Theatre Review: ‘South Pacific’ at City Springs Theatre Company

City Springs Theatre Company’s production of Rodgers and Hammerstein’s “South Pacific,” performed at the beautiful new 1,070-seat Byers Theatre, is one of those shows that one feels truly privileged to have seen. It runs through March 17, and I’d like to urge any real fan of musical theatre to try to get a ticket; it’s close to selling out, so I wouldn’t delay.

City Springs has spared no expense in making this a memorable experience: Broadway’s wonderful Baayork Lee, whom I was fortunate enough to see in the original cast of “A Chorus Line,” is the director and choreographer. Brandt Blocker, the Artistic Director and Conductor, has assembled a 25-piece orchestra that will have you blissed out before the gorgeous overture is finished.

Many will know that “South Pacific” is a treasure of American musical theatre; it premiered on Broadway in 1949; its portrayal of Americans stationed in a faraway culture in wartime is, sadly, as relevant today as when it first thrilled audiences four years after the end of World War II. It ran for years; then, the Rodgers and Hammerstein organization did not allow a Broadway revival until the 2008 Lincoln Center production which I was fortunate enough to see. This Pulitzer Prize-winning, deeply felt musical drama, not surprisingly, won a Tony for Best Musical Revival. It was heavenly.

Happily, so is City Spring’s production. The songs are supremely romantic: “Some Enchanted Evening,” Wonderful Guy,” “Younger Than Springtime,” “This Nearly Was Mine,” but also fun: “Bloody Mary,” “There Is Nothin’ Like a Dame,” “Honey Bun,” “I’m Gonna Wash Wash That Man Right Outa My Hair.” You may have forgotten how war and racism play a important part here; the show seems strangely contemporary.

The performers are close to perfection: Broadway’s William Michals and Kristine Reese play leading parts of Emile de Becque, the French planter who is searching for his own paradise; and Ensign Nellie Forbush, the Navy nurse from Little Rock whose romance with de Becque runs aground when she learns of his children with a Polynesian woman (now deceased). Nellie’s opening number (“the girl’s first song,” showbiz folks call it) is the irresistible “A Cockeyed Optimist.” You love Nellie from this moment on; and Ms. Reese’s charm and crystalline voice are magnetic.

Speaking of lush voices, Mr. Michals’ gorgeous baritone is magnificent.
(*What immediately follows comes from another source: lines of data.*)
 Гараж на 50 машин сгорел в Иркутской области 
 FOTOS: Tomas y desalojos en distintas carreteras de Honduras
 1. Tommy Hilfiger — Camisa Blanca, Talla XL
His rendition of “This Nearly Was Mine,” when Emile thinks he has lost Nellie, brings tears to the eyes and stops the show.
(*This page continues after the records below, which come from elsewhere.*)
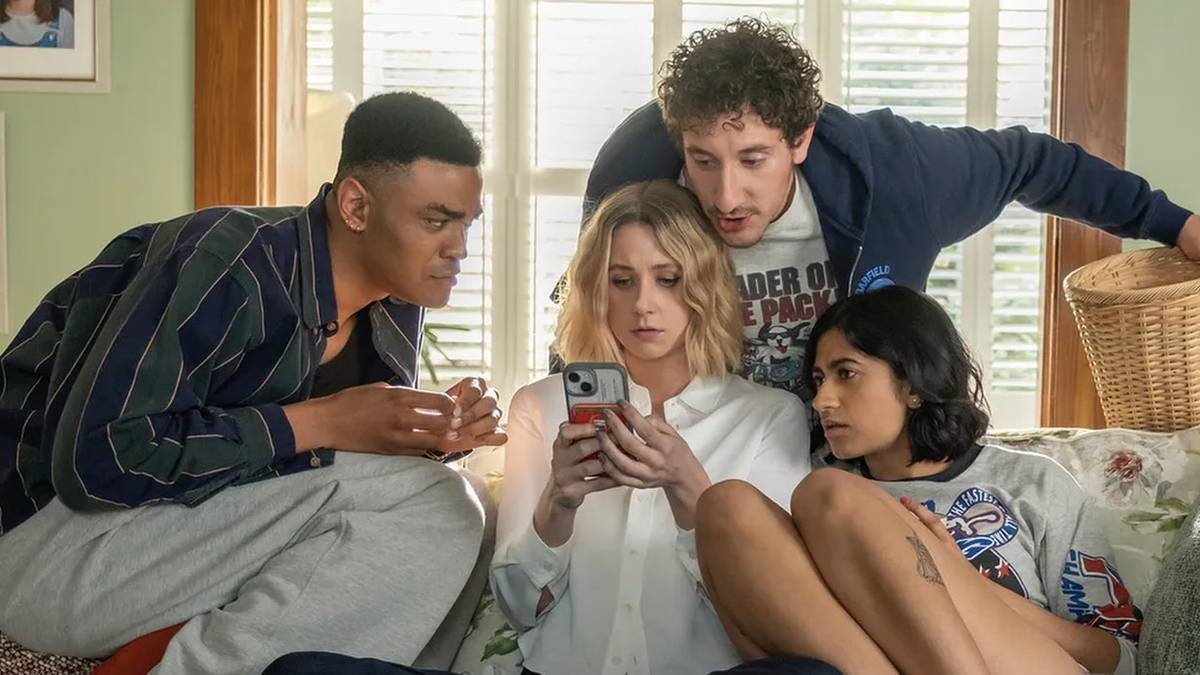 FX's 8-Part Friends Replacement Climbs the Charts 1 Month Ahead of Return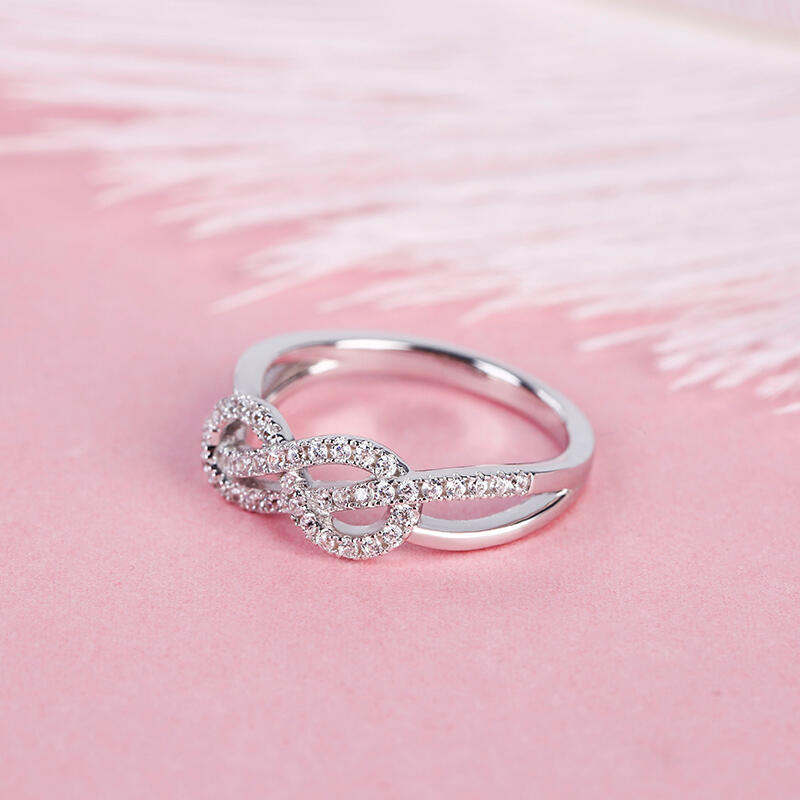 Jeulia Infinity Knot Design Sterling Silver Band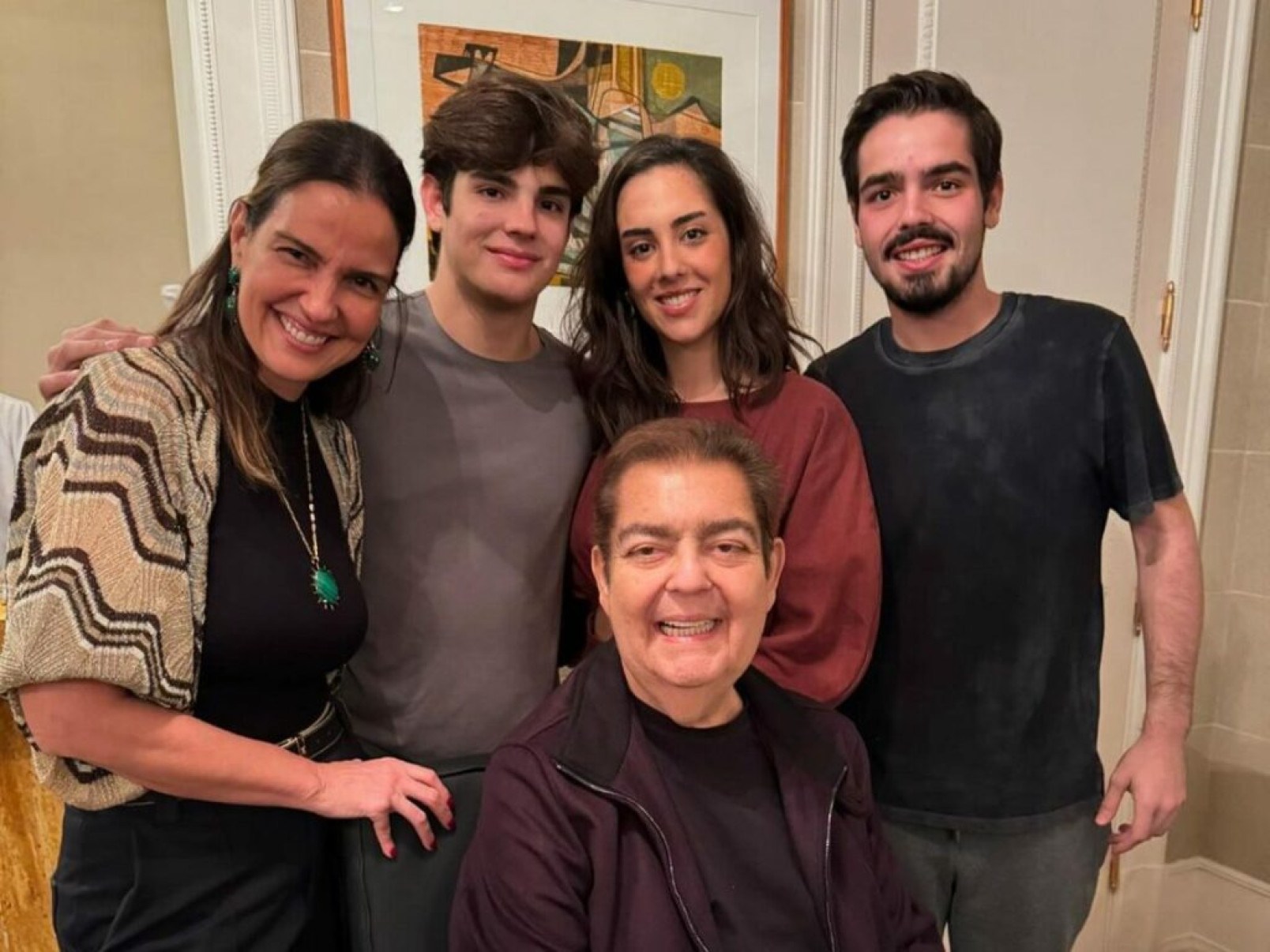 Após realizar dois transplantes, Faustão surge feliz e sorridente no aniversário da esposa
And there’s more! Yvonne Strumecki’s portrayal of Bloody Mary, an entrepreneurial islander and mother of Liat (the beautiful Cassandra Hlong), sings “Bali Ha’i” to Lt. Joe Cable (Maxim Gukhman) and other sailors. This may be the most beautiful, haunting song of yearning for “your own special island,” whatever that is to you, in all of American theatre. Ms. Strumecki is superb.

“South Pacific” keeps topping itself. Soon Mr. Gukhman’s Cable sings the sublime “Younger Than Springtime,” a song that has an unearthly beauty. (Note: Broadway’s original Nellie, Mary Martin, always said that this was her favorite song; since she didn’t get to sing it in the show, she’d constantly hum it to herself backstage.) The dashing Mr. Gukhman will not disappoint, either as actor or singer. This is true of the entire cast.
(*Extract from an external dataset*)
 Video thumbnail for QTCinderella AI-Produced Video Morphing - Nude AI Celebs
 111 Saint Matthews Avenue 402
Other standouts include Chris Saltalamacchio’s Billis, Haden Rider’s Stewpot, JD Myers’ Professor, Bart Hansard’s Captain Brackett, and Steve Hudson’s Commander Harbison. And there are others; they are all in the program. Michael Yeargan’s scenic design; Mike Wood’s lighting design: thank you.

Ms. Lee’s direction has obviously inspired this talented cast. Judy Cole is the Music Director. The entire show is adapted by James A. Michener’s novel “Tales of the South Pacific.” I wish I could give credit to every person involved in the show. The beauty of “South Pacific” is largely ineffable. This production will become a legend; I hope you can see it.